Może o tym szczególnym zjawisku, Cameron nakręci swój następny film? Mam nadzieje że
tak będzie, bo wiele jej zawdzięcza. Dzięki temu mamy teraz okazje oglądać gniota o
niebieskich stworkach i pitu pitu pitu...
Bzdury piszesz!! Sukces tego filmu polegał na tym,że ludzie chodzili do kina po kilka razy.A niby jak reklama ma kogoś nakłonić to tego aby oglądał film jeszcze raz.

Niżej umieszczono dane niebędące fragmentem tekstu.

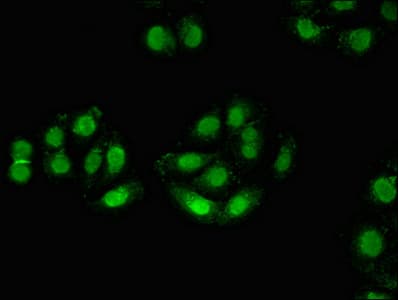 Polyclonal Rabbit anti-Human ZMYM3 Antibody
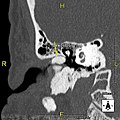 Exostosis in ear canal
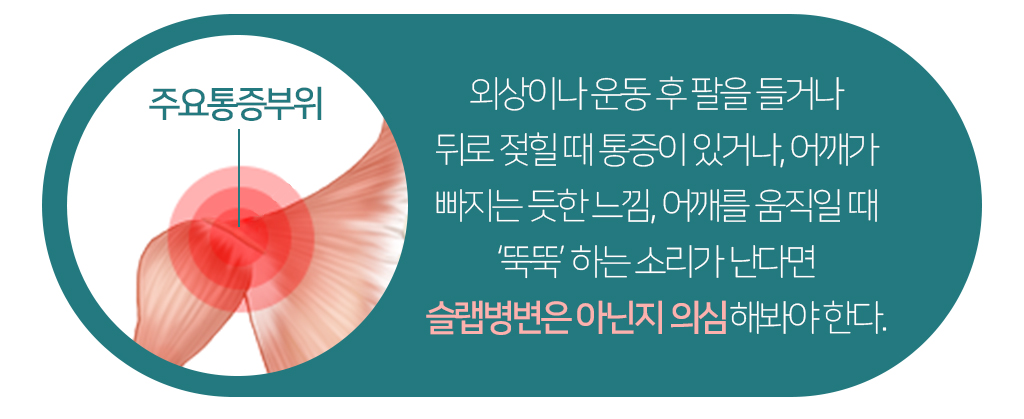 주요통증부위사진, 외상이나 운동 후 팔을 들거나 뒤로 젖힐 때 통증이 있거나, 어깨가 빠지는 듯한 느낌, 어깨를 움직일 때 ‘뚝뚝’ 하는 소리가 난다면 슬랩병변은 아닌지 의심해봐야 한다.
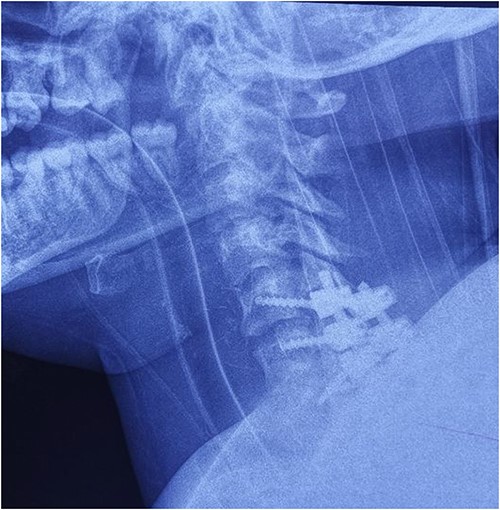 Cervical spine X-ray postoperatively – lateral view: properly positioned osteosynthesis material.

No właśnie. Nawet Śluby panieńskie i inne polskie filmy miały większą reklamę. Ludzie po prostu byli zachwyceni filmem, że szli na niego po kilka razy i polecali go innym. I na tym polega wielkośc tego filmu. W czasach wielkiego piractwa sprawił, że ludzie poszli kilka razy na ten sam film i w dodatku zrobił to bez nachalnej reklamy jaką ma większosc polskich czy zagranicznych produkcji. W dodatku film miał premierę w święta, gdy mało osób chodzi do kina. a mimo to na film poszło bardzo duzo ludzi.
Cameron nie jest głupi. W czasach piractwa reklamował film jako "Rewolucja w 3D".
W domu 3D nie uraczysz więc trzeba było ruszyć dupę do kina.